2018/04/24 のログ
ご案内:「ミレーの隠れ里」にレイカさんが現れました。
レイカ > 「……………。」

月明かりもない夜、今日はあいにくの空で木々の間から雨粒が私に降り注いでくる。
その程度のことならば、私はこんなに殺気立ったりはしない。
雨は嫌いじゃないし、この時期の雨はだんだんと、外の空気が熱くなってくるから気持ちいいと感じるくらい。

…それに、血塗れの私の足を洗い流してくれる。
目の前で命乞いをしている、奴隷商人の傍らには死体がいくつか。
この商人の護衛、もしくは雇われた傭兵というところか。

いや、そんなものはどうでもいい。
こいつが奴隷商人であり、ミレー族を…こともあろうに、私の里のミレー族を狙った。
そのことが一番問題だ。
九頭竜山脈の奥に防壁があり、その中にミレー族がいると知れれば必ずこぞって、こういうやつらが来る。
だから……。

「………遺言くらいは聞いてやる。」

私の声は、自分で思うのもなんだが非常に冷たかった。
そっと、弓を構え屋を引き絞り、命乞いをしていた奴隷商人にめがけて撃つ。
その背中に刺さった矢を、ゆっくりと倒れていく商人を見て。
私は弓を、その背中に戻した。

レイカ > 「死体を片付けておいてくれ。
どうせこの季節なら、飢えたオオカミが食べると思うが…。

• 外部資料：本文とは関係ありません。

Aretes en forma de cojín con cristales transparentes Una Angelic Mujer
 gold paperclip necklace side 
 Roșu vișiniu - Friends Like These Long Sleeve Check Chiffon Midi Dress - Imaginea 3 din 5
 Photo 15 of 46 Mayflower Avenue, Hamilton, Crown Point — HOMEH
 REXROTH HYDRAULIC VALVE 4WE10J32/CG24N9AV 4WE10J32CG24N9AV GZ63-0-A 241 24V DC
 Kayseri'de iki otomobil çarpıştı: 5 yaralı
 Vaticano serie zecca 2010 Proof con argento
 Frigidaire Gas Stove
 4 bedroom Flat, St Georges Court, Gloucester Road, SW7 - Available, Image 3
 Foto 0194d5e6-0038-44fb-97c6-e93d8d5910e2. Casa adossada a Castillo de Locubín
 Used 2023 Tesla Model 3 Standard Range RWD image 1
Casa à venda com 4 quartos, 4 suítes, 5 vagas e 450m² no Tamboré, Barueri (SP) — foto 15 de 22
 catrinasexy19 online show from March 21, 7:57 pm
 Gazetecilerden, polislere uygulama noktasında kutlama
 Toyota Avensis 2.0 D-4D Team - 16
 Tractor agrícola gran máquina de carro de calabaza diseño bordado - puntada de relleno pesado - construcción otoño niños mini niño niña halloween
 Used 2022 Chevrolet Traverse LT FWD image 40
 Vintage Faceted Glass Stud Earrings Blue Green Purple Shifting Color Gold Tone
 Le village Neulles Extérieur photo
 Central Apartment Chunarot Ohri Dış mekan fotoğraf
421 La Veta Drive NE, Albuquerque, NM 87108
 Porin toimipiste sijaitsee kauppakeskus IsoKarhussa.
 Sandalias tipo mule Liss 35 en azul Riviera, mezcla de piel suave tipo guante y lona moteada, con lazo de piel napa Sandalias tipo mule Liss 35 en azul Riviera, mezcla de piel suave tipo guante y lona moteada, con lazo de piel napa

」

何かしらで探しに来た商人組合なんかが、この死体を見つけて里の存在を外に知らせたりしないように。
結界を張れず、人目に付きやすい里の奥にいるミレー族が何も恐れないように。
弓を戻した私は、後ろを振り向き誰にともなくつぶやいた。

こう言っておけば、あとはドリアードたちが始末してくれる。
もともと、好戦的じゃない精霊たちだけど、使役しているおかげで私の言うことは聞いてくれる。
ほどなくして、動かなくなった数人はこの森の『どこか』に消えるだろう。

「…………ふう。」

やっぱり、いつかは見つかるだろうと思っていた。
見つからないはずがない、結界があってもミレー族狩りはいまだに行われている。
見つかって、蹂躙されて、奴隷市場に彼らが並ぶ。
どんなに取り締まっても、それが繰り返されている。

「……夢物語でしかないんだ……。」

私のつぶやきは、精霊たちにも聞かせない。
かつて、夢を持っていた私だけれども、今はその夢はかけらも残っていない。

レイカ > 「……雨、強いですね…。」

幸いここは森の中だから、雨が大量に降り注ぐなんてことはない。
幹に沿って雨粒が地面に流れてくるのを感じながら、私は里への道を歩く。

こんなにも血塗れになった私の体を見たら、きっとみんな驚くだろう。
今が夜でよかった、子供たちに見られなくて済むというのが、本音だ。
どこかで水浴びでもしていこうかとも思うけれども、少し里から離れてしまっている。
さっきの一団以外にも、商人が来ていたらと思うと少し恐ろしい。

できるだけ急いで、私は里へと戻った。

ご案内:「ミレーの隠れ里」からレイカさんが去りました。